* **Description of the task**:
Copy the records below exactly as they appear.

Brief descriptive captions:
◇ ◇ ◇ ◇ ◇ ◇ ◇

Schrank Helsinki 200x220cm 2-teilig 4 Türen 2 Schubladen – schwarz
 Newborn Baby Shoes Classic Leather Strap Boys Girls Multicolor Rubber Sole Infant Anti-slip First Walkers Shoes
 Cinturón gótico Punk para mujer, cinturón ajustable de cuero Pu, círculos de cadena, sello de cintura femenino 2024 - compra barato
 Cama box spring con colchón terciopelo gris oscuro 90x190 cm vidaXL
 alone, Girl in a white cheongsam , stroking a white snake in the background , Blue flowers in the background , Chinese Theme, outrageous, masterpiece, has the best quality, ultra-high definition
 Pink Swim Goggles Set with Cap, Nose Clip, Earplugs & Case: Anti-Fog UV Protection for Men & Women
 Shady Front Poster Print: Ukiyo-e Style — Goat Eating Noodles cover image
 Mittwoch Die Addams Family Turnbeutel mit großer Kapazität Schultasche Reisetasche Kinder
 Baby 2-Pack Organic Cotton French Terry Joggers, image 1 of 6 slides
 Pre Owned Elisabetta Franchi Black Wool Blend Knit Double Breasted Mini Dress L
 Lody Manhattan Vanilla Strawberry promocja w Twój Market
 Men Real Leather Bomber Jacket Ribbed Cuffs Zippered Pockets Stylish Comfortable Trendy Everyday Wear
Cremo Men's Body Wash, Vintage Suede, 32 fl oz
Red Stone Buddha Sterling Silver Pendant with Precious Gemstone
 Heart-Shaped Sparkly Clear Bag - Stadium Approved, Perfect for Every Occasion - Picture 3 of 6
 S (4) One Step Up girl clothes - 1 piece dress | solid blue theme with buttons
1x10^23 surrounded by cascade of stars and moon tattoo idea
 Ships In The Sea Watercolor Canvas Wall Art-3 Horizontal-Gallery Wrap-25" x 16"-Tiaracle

◇ ◇ ◇ ◇ ◇ ◇ ◇

* **Your response**:
Schrank Helsinki 200x220cm 2-teilig 4 Türen 2 Schubladen – schwarz
 Newborn Baby Shoes Classic Leather Strap Boys Girls Multicolor Rubber Sole Infant Anti-slip First Walkers Shoes
 Cinturón gótico Punk para mujer, cinturón ajustable de cuero Pu, círculos de cadena, sello de cintura femenino 2024 - compra barato
 Cama box spring con colchón terciopelo gris oscuro 90x190 cm vidaXL
 alone, Girl in a white cheongsam , stroking a white snake in the background , Blue flowers in the background , Chinese Theme, outrageous, masterpiece, has the best quality, ultra-high definition
 Pink Swim Goggles Set with Cap, Nose Clip, Earplugs & Case: Anti-Fog UV Protection for Men & Women
 Shady Front Poster Print: Ukiyo-e Style — Goat Eating Noodles cover image
 Mittwoch Die Addams Family Turnbeutel mit großer Kapazität Schultasche Reisetasche Kinder
 Baby 2-Pack Organic Cotton French Terry Joggers, image 1 of 6 slides
 Pre Owned Elisabetta Franchi Black Wool Blend Knit Double Breasted Mini Dress L
 Lody Manhattan Vanilla Strawberry promocja w Twój Market
 Men Real Leather Bomber Jacket Ribbed Cuffs Zippered Pockets Stylish Comfortable Trendy Everyday Wear
Cremo Men's Body Wash, Vintage Suede, 32 fl oz
Red Stone Buddha Sterling Silver Pendant with Precious Gemstone
 Heart-Shaped Sparkly Clear Bag - Stadium Approved, Perfect for Every Occasion - Picture 3 of 6
 S (4) One Step Up girl clothes - 1 piece dress | solid blue theme with buttons
1x10^23 surrounded by cascade of stars and moon tattoo idea
 Ships In The Sea Watercolor Canvas Wall Art-3 Horizontal-Gallery Wrap-25" x 16"-Tiaracle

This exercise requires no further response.